Bis(tri-n-alkylsilyl oxide) silicon phthalocyanines: a start to establishing a structure property relationship as both ternary additives and non-fullerene electron acceptors in bulk heterojunction organic photovoltaic devices

Abstract

Previous studies have shown that the use of bis(tri-n-hexylsilyl oxide) silicon phthalocyanine ((3HS)₂-SiPc) as a solid ternary electroactive additive in poly(3-hexylthiophene):phenyl-C₆₁-butyric acid methyl ester P3HT:PC₆₁BM bulk heterojunction organic photovoltaic (BHJ OPV) devices resulted in an increased performance. It has been hypothesized that the increase in efficiency is partially due to the unique and odd combination of high solubility and strong driving force of crystallization previously observed for (3HS)₂-SiPc. In this follow-up study, two chemical variants of (3HS)₂-SiPc, namely bis(tri-n-butylsilyl oxide) ((3BS)₂-SiPc) and bis(tri-n-isopropylsilyl oxide) ((3TS)₂-SiPc) were synthesized to determine how small changes in the chemical structure would affect the properties of the material and its performance within BHJ OPV devices.
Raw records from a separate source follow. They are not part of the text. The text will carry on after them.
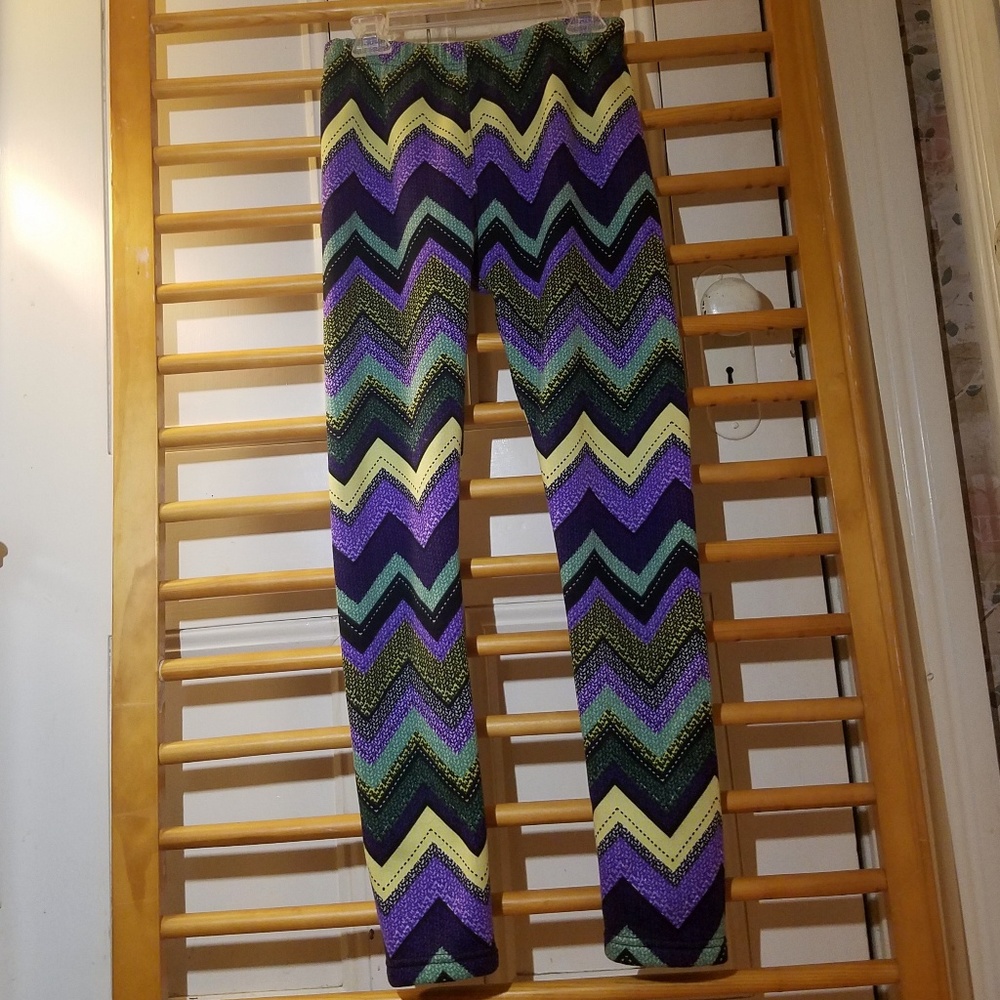 Extra Warm Fleece lined Leggings Zigzag 10/12 fun!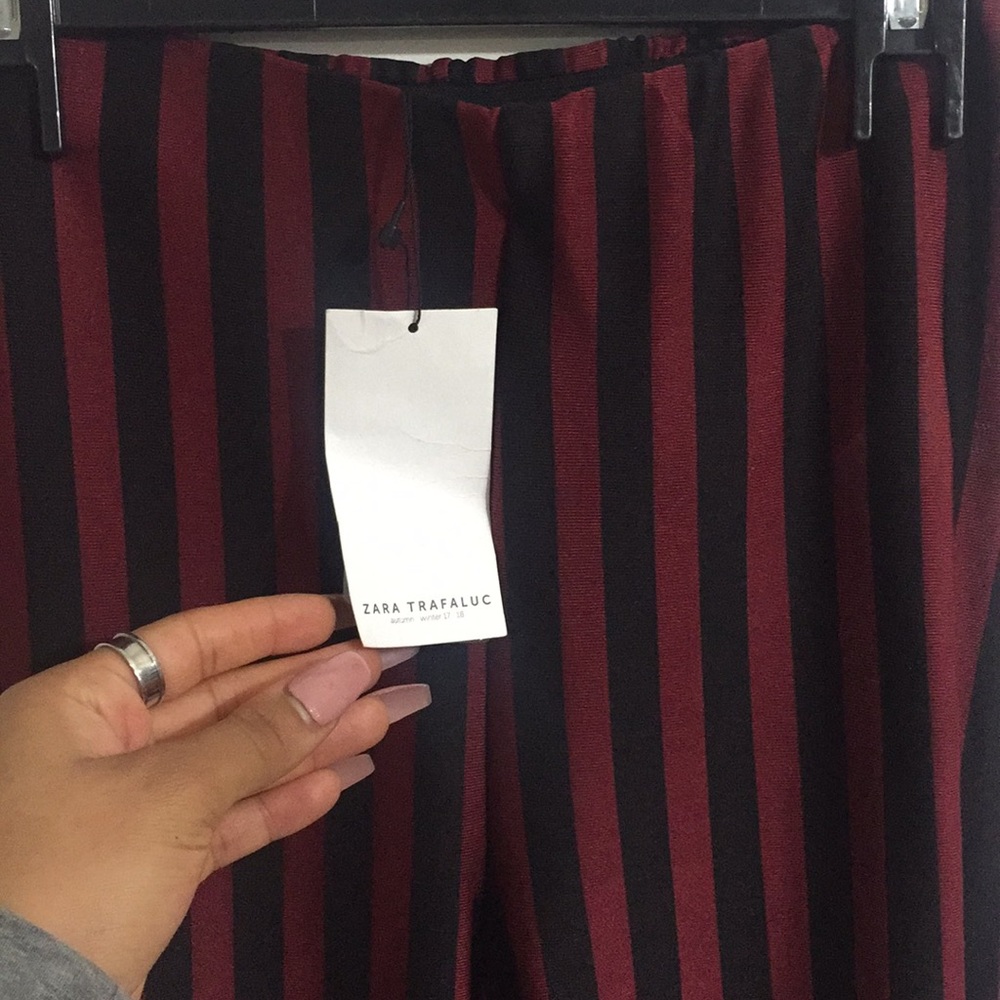 NEW ZARA FLARE STRIPED PANTS - Picture 2 of 3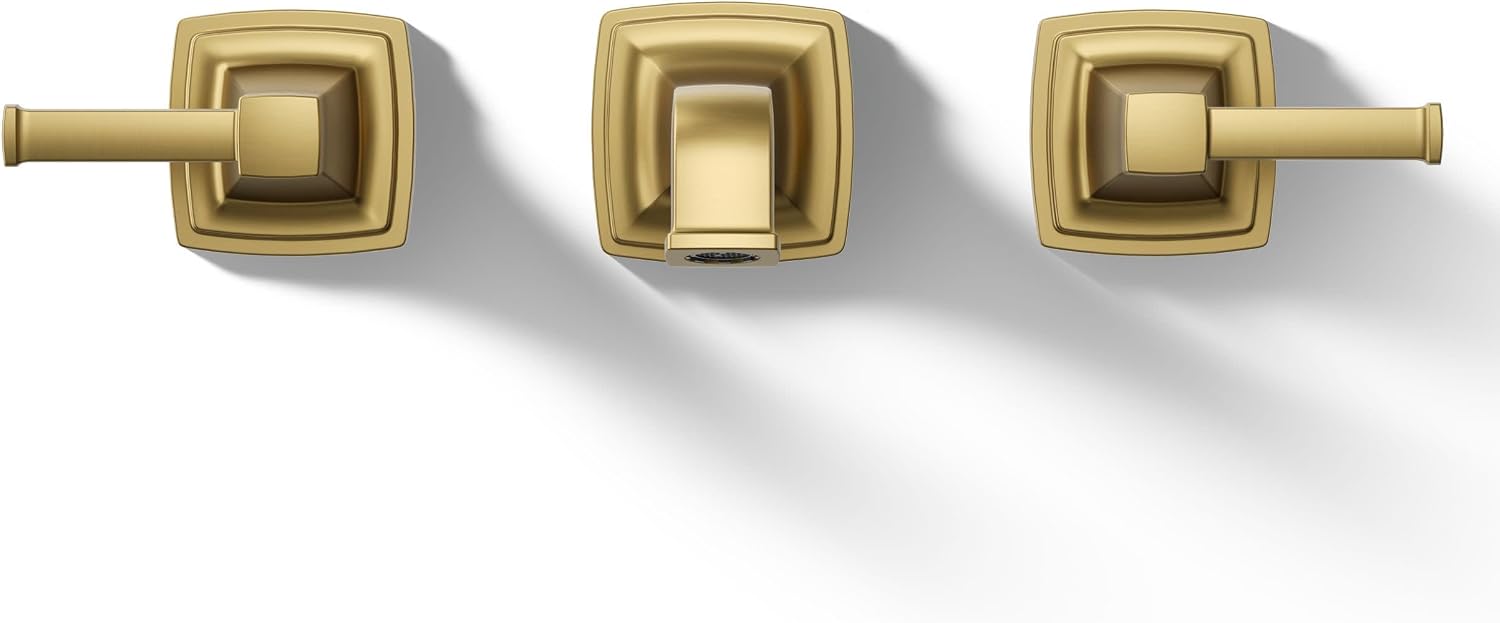 Kohler T26432-4-2MB RIFF® Widespread wall-mount bathroom sink faucet trim, Vibrant Brushed Moderne Brass
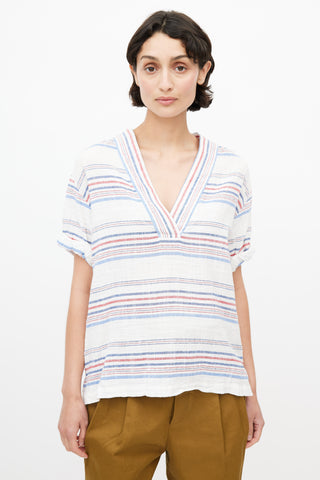 Xirena White, Red 
Blue Linen Striped Top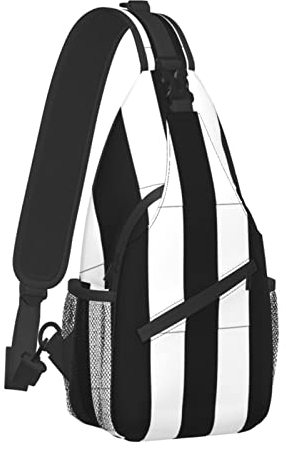 Stars And Moon Sling Rucksack Sling Bag Crossbody Tagesrucksack Schultertasche Reisen Wandern Freizeit Brusttasche, Schwarz und Weiß gestreift, Einheitsgröße, Daypack Rucksäcke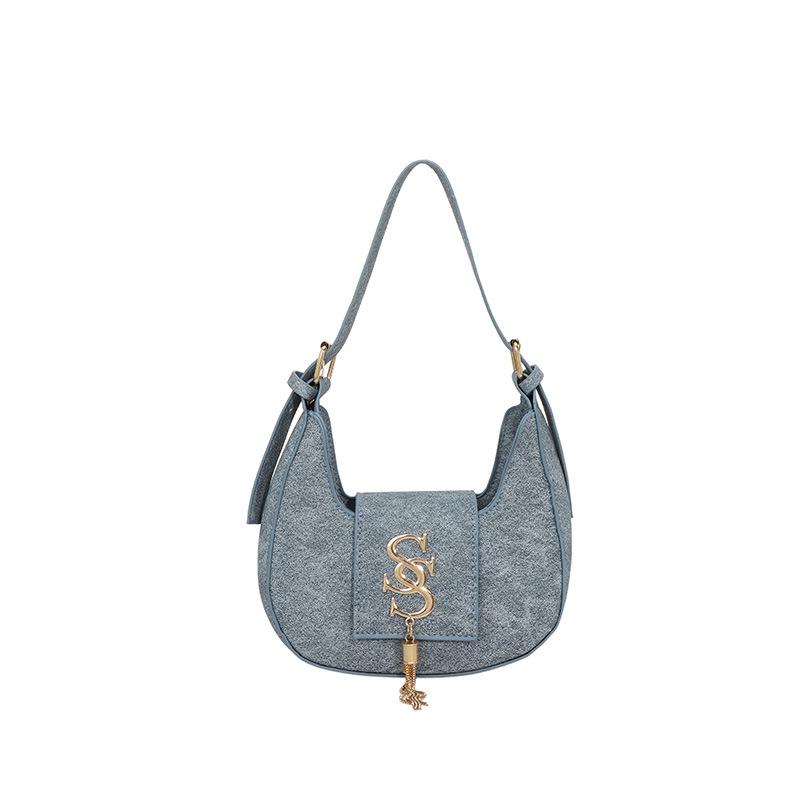 

New dumpling bag lightweight single shoulder underarm bag versatile casual temperament handbag oblique span PU personalized women s bag синій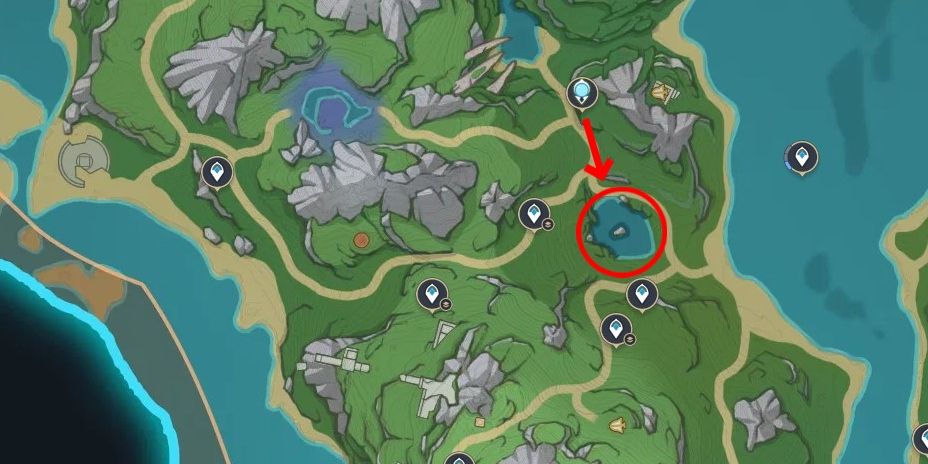 Genshin Impact's Boiling Water Lake location highlighted on the game's map.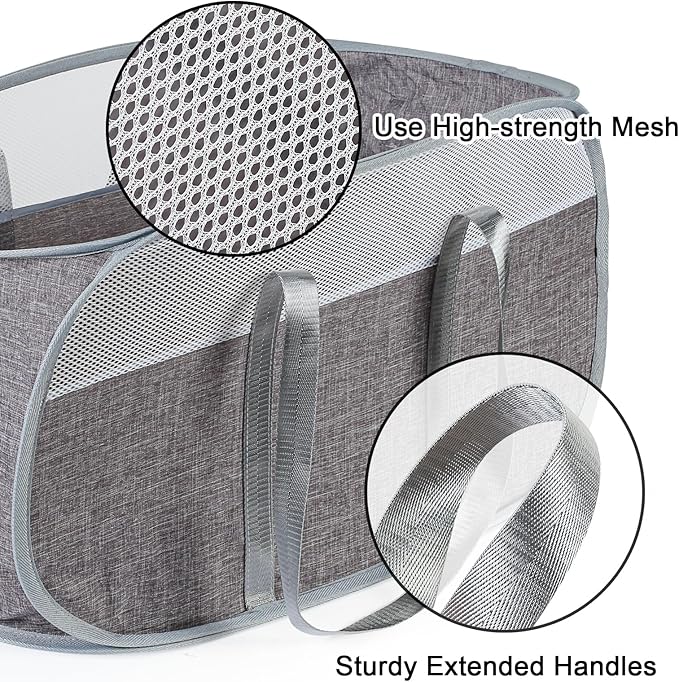 Collapsible Laundry Baskets, Pop Up Laundry Baskets with Reinforced Handles, Lightweight Foldable Laundry Basket for LaundryRoom,Bathroom or Travel (Gray)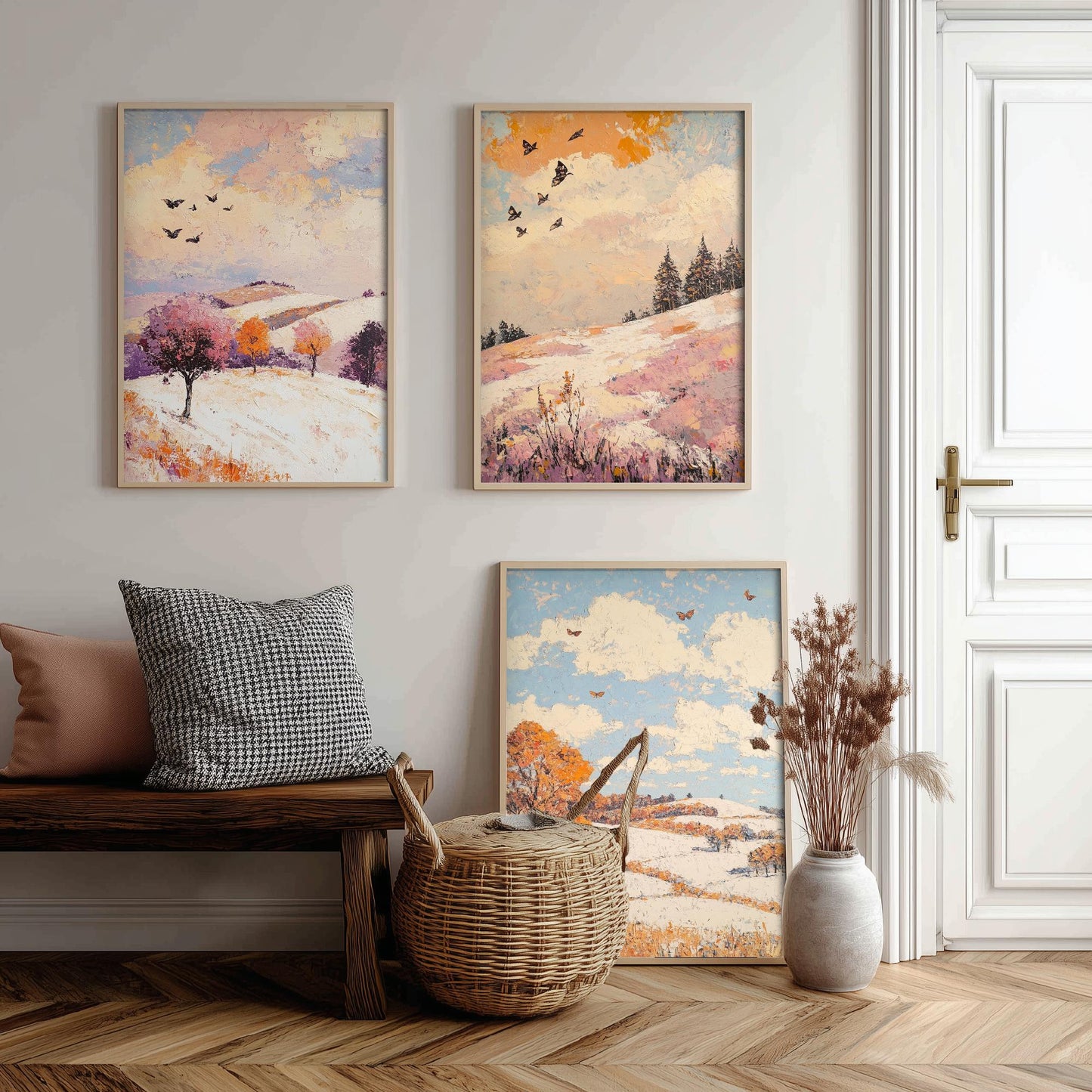 Rolling Hills Butterfly Set of Three Art Prints - Mauve Bronze and Snow - Folk Meadow Poster Illustration Gift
We observed that the use of either (3XS)₂-SiPc compound results in a further ∼10% increase in J_SC compared to the use of (3HS)₂-SiPc. We also did a preliminary assessment of the use of three (3XS)₂-SiPcs as replacements for PC₆₁BM in straight binary P3HT-based BHJ OPV devices. Despite achieving only ∼1% PCE efficiencies, observations including a ≈50% increase in V_OC over a P3HT:PC₆₁BM baseline and a decent fill factor indicate to us that (3XS)₂-SiPcs do have potential as non-fullerene acceptors and advantageous alternatives due to their low embedded energy and therefore their inherent sustainability. X-ray diffraction of ternary and binary BHJ devices demonstrates that both (3BS)₂-SiPc and (3TS)₂-SiPc experienced similar increase in crystallite density (d-spacing) relative to (3HS)₂-SiPc which we surmise plays a role in the improved device efficiency. Like (3HS)₂-SiPc, for these two new additives, we also observed a high tendency of crystallization. The results from this study suggest that solubility and driving force to crystallize are important factors in determining the extent to which an additive will migrate to the donor/acceptor interface and thus affect its performance as a ternary additive in BHJ OPV devices. Based on the three (3XS)₂-SiPcs used in this study, the smaller tri-n-alkylsilyl oxide molecular fragments seem to work better. Therefore, moving forward, we will continue to consider smaller molecular fragments that still enable solubility and processability of (3XS)₂-SiPcs.